You might already know that reviewing conversion rate optimization in your emails and improving their design takes time.
This may include testing email sequences, the timing between emails, segmenting different email branches for different products.
Even playing around with the preview text of each email.
You could even offer discounts on products that cost more but decrease the overall amount of discounts on offer in your store.
Slight changes in your abandoned cart flow may heavily impact ROAS for your store. So, testing and improving constantly is important.
Then of course, there’s design.
The main goal of your design is to achieve one thing: driving customers to hit the CTA button revolving around the abandoned cart.
If your design promotes you as a random store, you risk compromising your legitimacy. This hurts customer experience.
Therefore, badly designed emails will convert badly.
Consider abandoned cart subject lines for instance. Good subject lines include one or more of the following:
- Name of the customer—to make it personal
- Pain Points—predicted concerns
- Scarcity—the cart may expire
- Potential Bonus—such as freebies
- Humor—for an emotional connection
Check out the below example.
Not only does Rudy’s hit you with a witty line, but they immediately follow it up with a scarcity tactic (expiring cart) while reminding you of the potential bonus (free shipping) that you (the customer) risks losing.
Optimize the Email Sequence
Maybe you’re unsure of what to do after that initial email?
How many follow-up emails is too many?
A good rule to know here is that if the placed order rate of your email is over 1%, this means you can add another email in your flow.
This should get you some more sales.
Another adjustment is to split test segmenting abandoned carts by product category. Merely because some products may be more popular than others.
Use the Right Platform
Considering that you can expect about 5% of revenue to come from the abandoned cart email flow, you want to have the peace of mind that you are doing the automation right.
Klaviyo is a powerful email marketing platform that allows you to build a customer experience driven by its metrics gained from tracking.
By offering powerful analytic tools, you’ll be able to gain useful insights that will inform and personalize your email sequences and make you stand out from your competition.
One way to do this, as mentioned, is to segment your abandoned cart emails.
Add an Opt-Out
It will always be important to add a clear unsubscribe link to your abandoned cart email.
Sometimes, a series of follow-up emails could get annoying, and you want to offer them the option to opt out.
The simple availability of the option may ensure deliverability, or else affect it by being flagged to end up in the spam folder.
A Return to the Cart Means a Return from Your SEO
In the end, you want to be sure to maximize your ROAS as far as possible.
Yet, 80% of eCommerce stores still get it wrong, accumulating in $18 billion loss of revenue annually.
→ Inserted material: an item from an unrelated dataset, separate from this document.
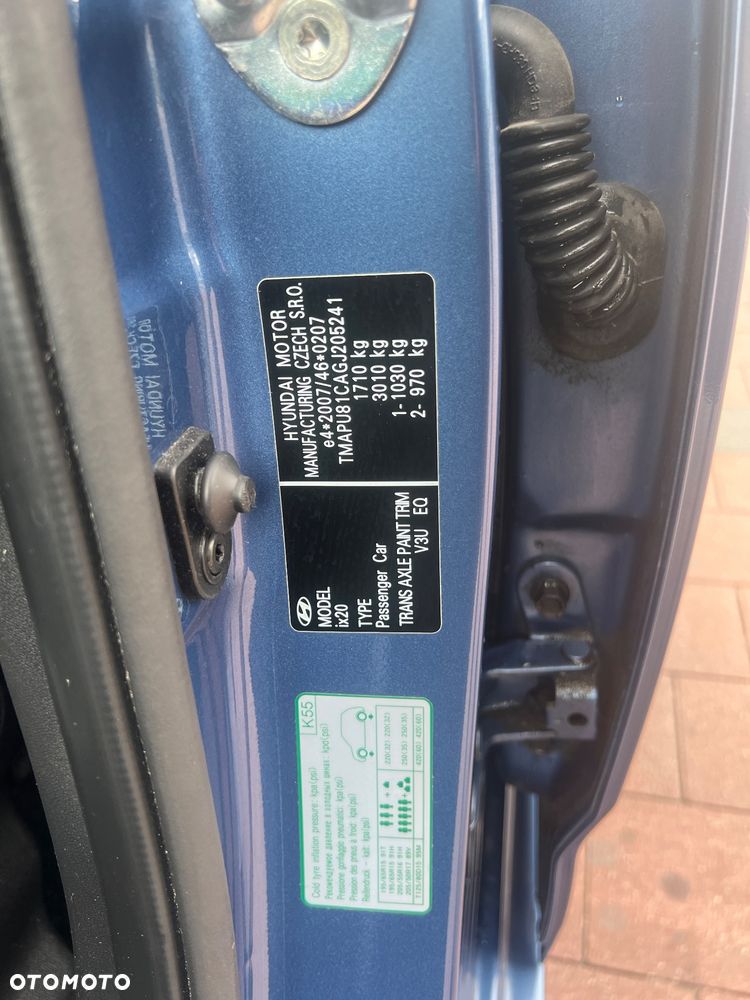 Hyundai ix20 1.4 Premium blue - 37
Want to avoid being part of those statistics?
Feel you need someone with the experience to make you more revenue from your traffic and ad spend?
Contact us at KAMG today, and we’ll put you into touch with our expert email-marketers.
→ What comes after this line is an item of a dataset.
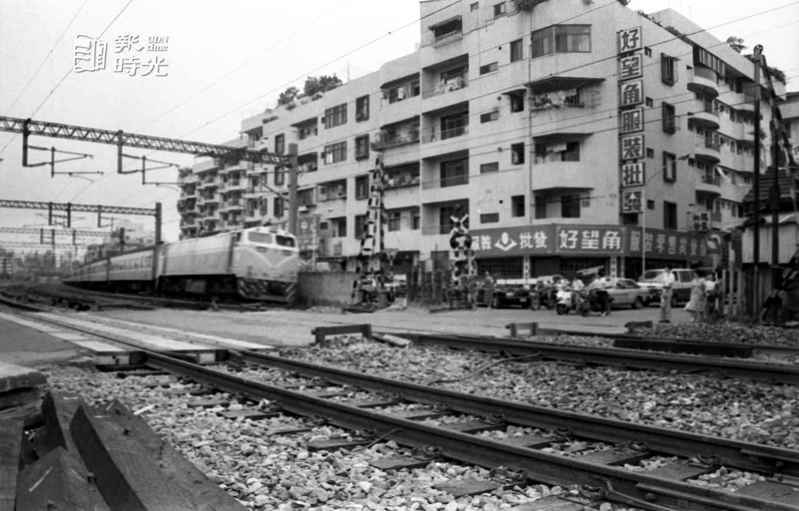 台北鐵路平交道一景。圖／聯合報系資料照（1985/06/10 陳曙光攝影）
Allow us to get you the best out of your email marketing campaign!
FAQs
What to include in an abandoned cart email?
Besides handling potential objections, these emails should: a) remind the customer of the cart content, b) actionable copy, and 3) a clear CTA that has its aim to recover the abandoned items.
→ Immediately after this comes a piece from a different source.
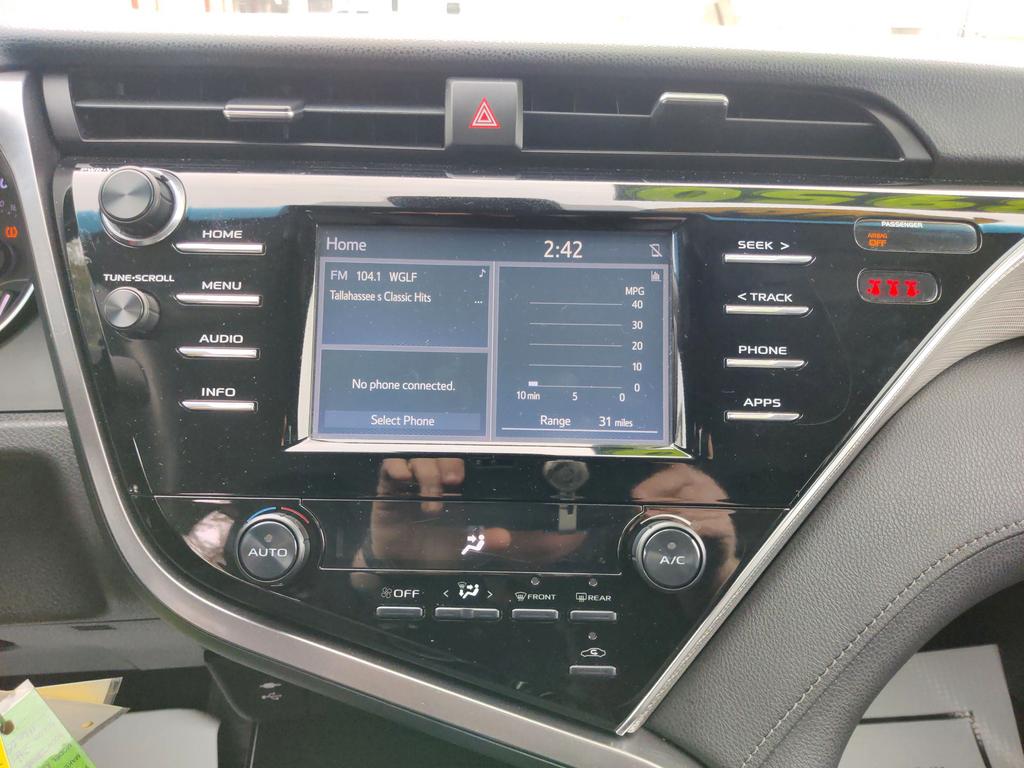 2018 Toyota Camry SE photo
Where can I find abandoned cart email templates?
If you need some help with layout, and you’re still testing the design features that work for you, Bolt and TargetBay might be useful to get the feel of what an abandoned cart email should achieve.
How many emails does the standard abandoned cart email flow have?
The email sequence should include a minimum of three emails. The first is sent after an hour. The second is sent after a single day. The last email should reach the customer after the third day. However, this will all depend on how you personalize or segment your sequences.